Both track sprinting and treadmill sprinting (intervals) have their advantages and disadvantages. In our busy life and schedules, you really have to look at what method is going to suit your goals, ability level and also choose the one which you have access to. Some people don’t have access to a track and others live within walking distance!
The disadvantages of using a treadmill for sprint interval type work is that the intervals will need to be 30 seconds or more in duration as you have to dial in the speed… going up and down. It will often take several seconds to reach the speed you plan to use before you actually start your timed interval period.
Did you know that another problem with treadmills is that they are too quad dominant, meaning your quads do all the work and your hamstrings and glutes get disengaged. If you are already quad dominant, this can lead to muscle imbalances and injuries.
Moving at high speeds on treadmills can also feel a little restricted and unnatural. There isn’t anything like running as fast as you can, with no restrictions, the fresh air blowing in your face and the site of real life, rather than a wall or window…
The main advantage to treadmill sprinting (intervals) is that you can dial in the exact speeds you want to move at for both the high intensity portion and the low intensity recovery period of your training session… Therefore over the weeks you can push the speed level of your intervals up and up in a more structured and controlled manner, keeping track of your progress and intensity.
Track sprint work and interval training work beats treadmills since you have no speed limits, and can perform sprints and intervals of any time duration. From as little as 5 seconds up to intervals of 30 seconds and more. You control the speed and getting up to speed is easier and quicker. Not to mention the fresh air and scenery, I mentioned earlier!
Your entire body, including your glutes and hamstrings, will be more engaged when you sprint on a track or grass field surface. More muscles being taxed means greater energy expenditure during the training session… I.e. greater conditioning and ultimately higher levels of EPOC (Excess Post-Exercise Oxygen Consumption) i.e. greater overall calorie expenditure and fat loss.
I suggest you keep your intervals to 30 seconds and upwards, going no further than 90 seconds, keeping the majority of your work in the 30-60 second range… and using rest intervals that are equal to or greater than the actual sprint work period.
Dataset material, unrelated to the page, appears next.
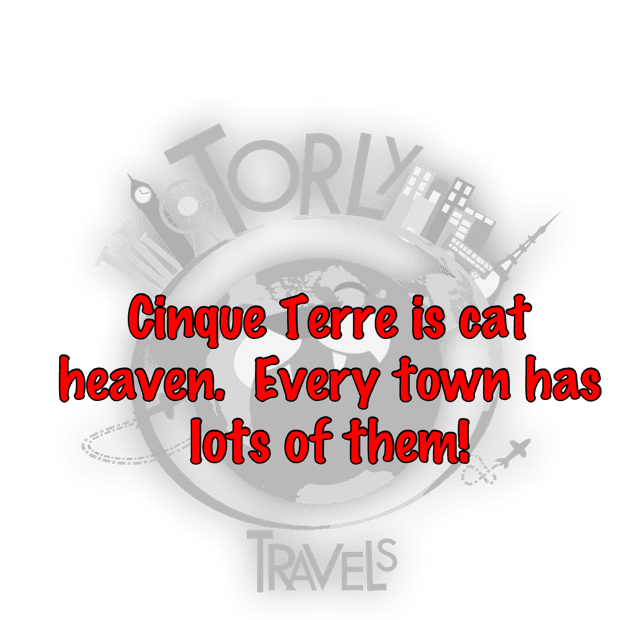 travel tip cinque terre is cat heaven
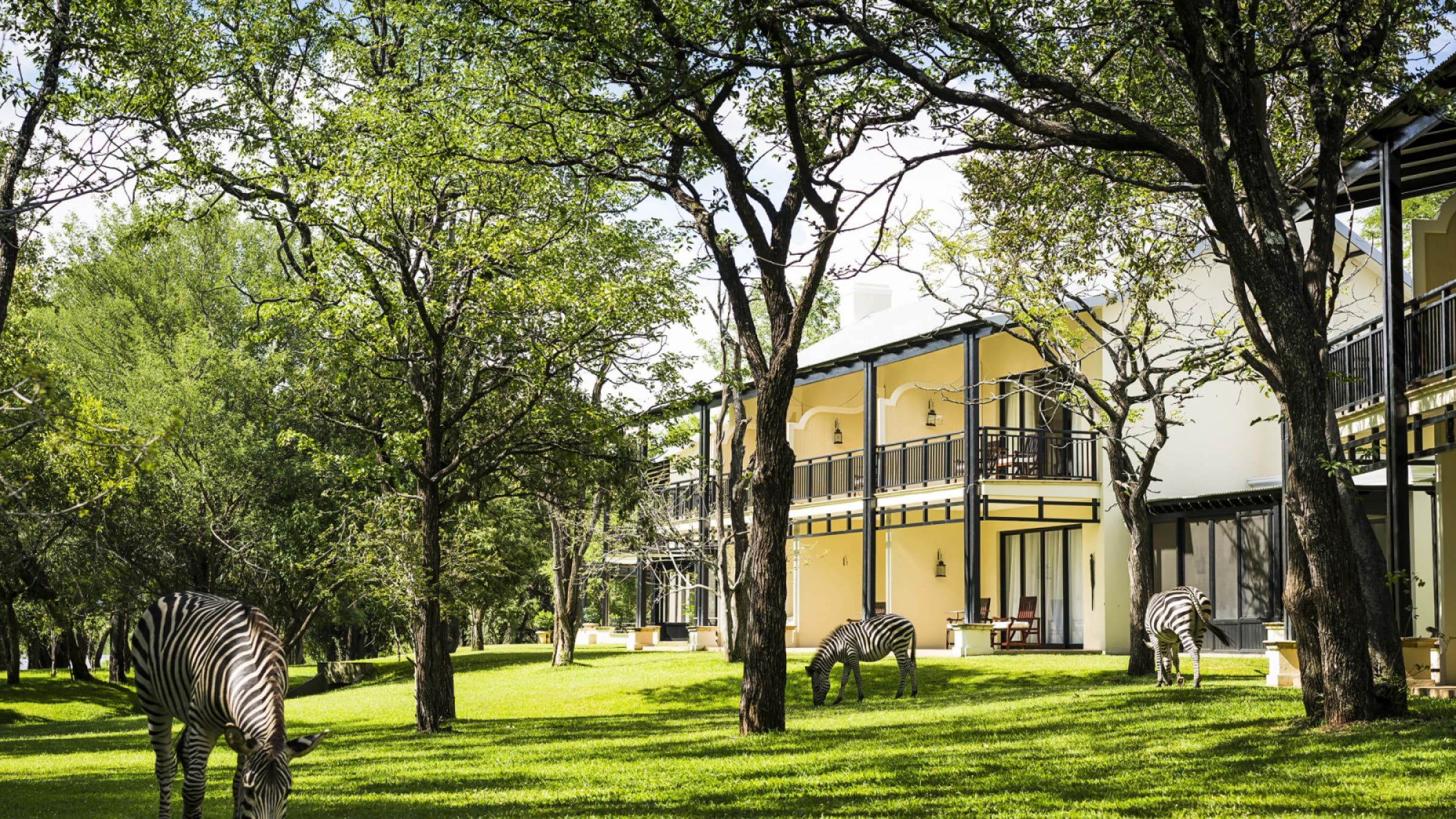 The royal livingstone hotel by anantara zebra in the gardens 2400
So, if you sprint for 30 seconds, rest for at least 30 seconds. Usually the shorter the sprint interval is, then the higher the intensity will be (you will be sprinting faster) and then will need to rest longer. I would generally rest no longer than 4 times the duration of the sprint interval work period between reps. This means that if I sprint for 30 seconds I will rest no longer than 2 minutes (120 seconds) before I start the next 30 second interval. However, I may perform multiple sets of 30 seconds and will rest longer than 120 seconds in between the sets.
It’s interesting to note that out of entire time you are performing your sprint work, less than 10 minutes or so is actually at a super high intensity and the remaining time is used for recovery time… BUT trust me, this interval training session is going to be far superior than any steady state 30 minute steady state cardio session you have ever done!
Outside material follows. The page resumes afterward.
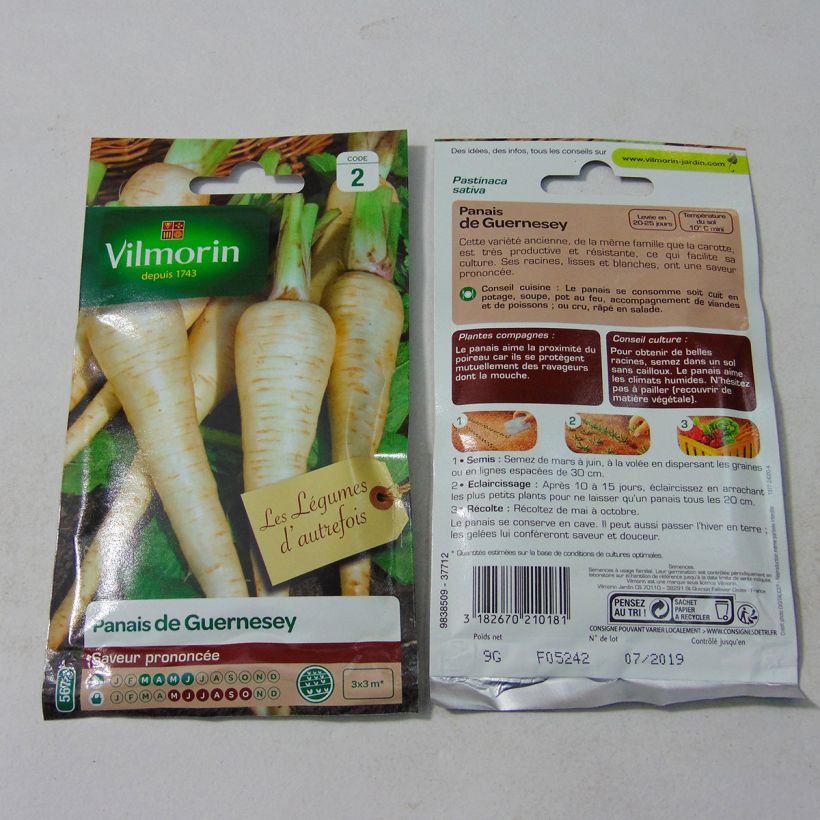 Ejemplo de ejemplar de Chirivía de Guernesey - Vilmorin saco de 1800 semillas (9g) tal y como se entrega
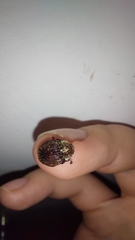 Trachymela papuligera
NOTE! You can use this same sprinting interval technique on any other cardio machine in the gym such as a stationary bike, rower elliptical, step-mill, etc.
My suggestion to you is to first look at what time you have to get the work in and then plan your session based on your time constraints. The less time you have the more intense you will be required to work… i.e. if you only have 10 minutes you can’t do 1 minute intervals resting 2 plus minutes in between… it would be better for you do to 30 second intervals with 30 seconds in between reps and maybe take a slightly longer (maybe 60-90 seconds) rest interval half way.
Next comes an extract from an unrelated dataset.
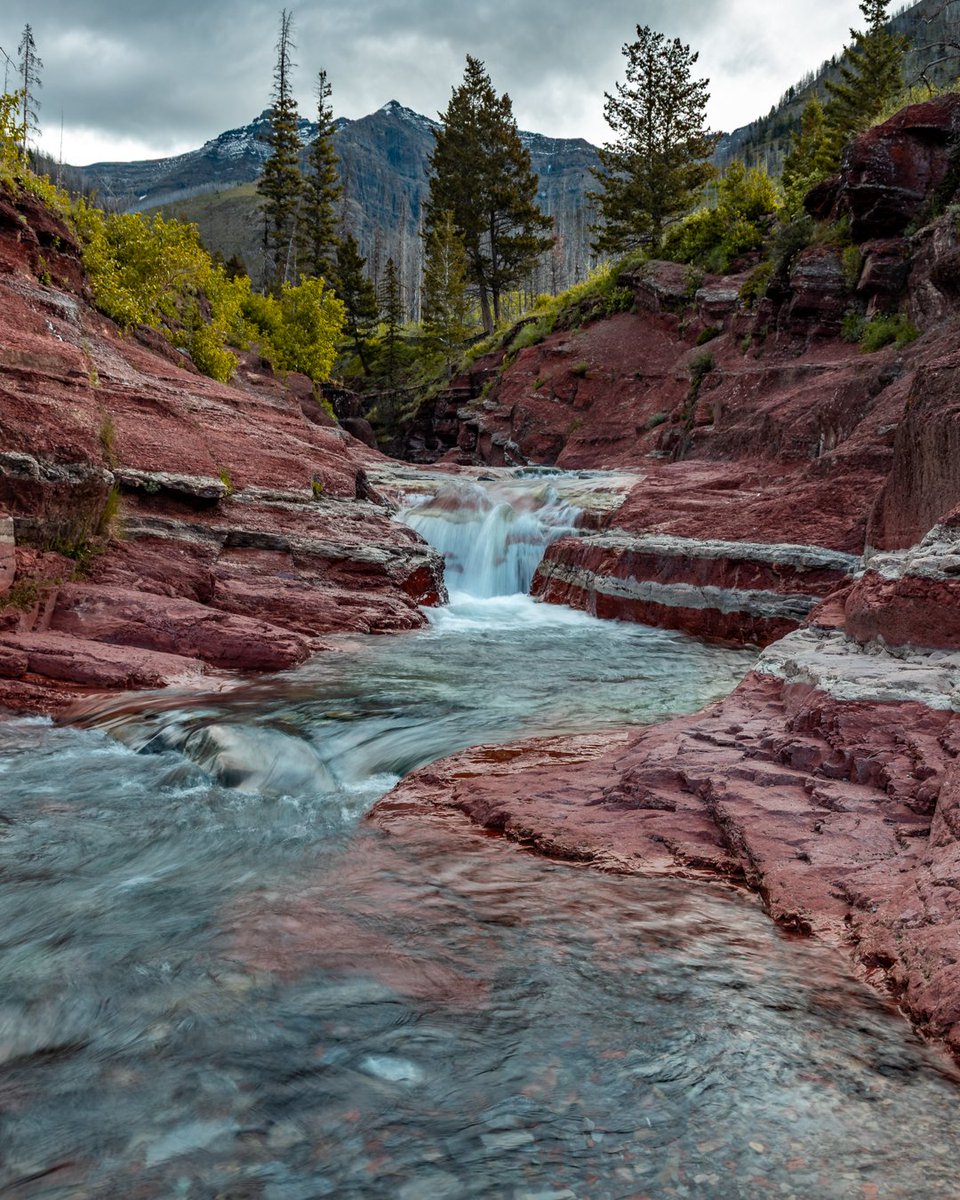 danschyk's tweet photo. Red Rock Canyon, Waterton Lakes NP https://t.co/JWDyGBcnHa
Just be smart and think your workouts out well in advance… Not when you arrive to the gym or track. I suggest that you don’t do interval type work any more than 3 times per week and use this in conjunction with your resistance training program and steady state cardio.
You can see that if you are under time restraints, you can plan your week out right an use some of your training days to incorporate sprint work. You will find yourself getting in the most amazing cardiovascular workouts in no time at all, not to mention, you will notice a huge difference in your overall fat loss goals!
Remember change is key, incorporate a few of these sprint type sessions to your weekly routine and watch your progress and success! Get some good beats and have fun!